Ela disse isso com uma voz tão fria e autoritária que nem mesmo parecia a garota que visitava velhinhos no hospital e parecia uma criança comendo seus doces e chá.

    ─ Me. Deixa. Em. Paz ─ vociferei por entre os dentes, ciente de que se eu me descontrolasse, gritaria mais alto do que aquelas vozes malditas que apenas eu escutava ─ eu não to afim de nenhuma droga que você queira me dar.

    ─ Entra logo ─ ela começou a me arrastar para dentro do seu apartamento com uma força descomunal. A garotinha era forte pra cacete.

    ─ O que você tá fazendo?! ─ gritei enquanto tentava resistir, sendo jogada numa das poltronas brancas.

─ Salvando a sua vida ─ ela disse sem emoção, se sentando no piano branco que havia próximo à janela e sem mais nenhuma palavra começou a tocar uma música que eu não conhecia.

    ─ POR QUE VOCÊS NÃO ME DEIXAM EM PAZ?! ─ gritei com todas as minhas forças, a frustração me derrotando, as lágrimas descendo tão incontroláveis que logo me vi soluçando como uma criança. Encolhi na poltrona o máximo que consegui, como que para me proteger de Anabelle, das vozes. De mim.

Não sei quanto tempo se passou, mas logo percebi que as vozes haviam ido embora, e o único som que havia eram dos meus soluços. Em algum momento que não percebi, Anabelle havia parado de tocar o piano e ido embora.

Eu deveria ter resistido mais e ido embora, mas estava exausta demais para qualquer coisa e acabei adormecendo, indiferente ao medo que inconscientemente eu sempre tinha de cair em um dos pesadelos terríveis.

Acordei com um grito masculino que me fez cair da poltrona, assustada. Pensei que as vozes tinham voltado, mas uma rápida olhada pela sala do apartamento estranho me fez ver Anabelle e seu irmão gritando um com o outro no que eu imaginei que fosse norueguês.

Levantei lentamente, assustada com a violência da discussão, esperando que o cara enfiasse aquela mão levantada na cara de Anabelle a qualquer momento. Eu não tinha forças ou coragem de intervir. Violência doméstica não era algo que eu aceitava numa boa.

Mas na boa? Eu já tinha merda o suficiente com que me preocupar, não precisava daquilo também.

Nenhum dos dois pareceu se dar conta de que eu estava assistindo a tudo bem de perto, mesmo sem entender nada do que falavam, e assim que fiz menção de sair de lá para dar um pouco de privacidade a eles, tropecei no tapete felpudo no chão e cai aos pés deles, que se viraram imediatamente para mim.

Fiquei petrificada naquela posição ridícula, incapaz de qualquer reação.

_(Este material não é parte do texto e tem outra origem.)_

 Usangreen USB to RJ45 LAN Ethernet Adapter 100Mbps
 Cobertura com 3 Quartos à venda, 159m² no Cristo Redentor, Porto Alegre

Os olhos deles estavam diferentes... os de Anabelle eram de um vermelho forte que me lembrou sangue, e os de Alexander estavam pretos... o que era verde antes agora estava negro como breu, e uma sombra parecia cobrir seu rosto como uma máscara.

Sem palavras para descrever o meu completo desespero, alguma coisa me fez conseguir forças para levantar e sair correndo do apartamento, descendo as escadas sem nenhuma cautela, ignorando qualquer pessoa que tentava falar comigo.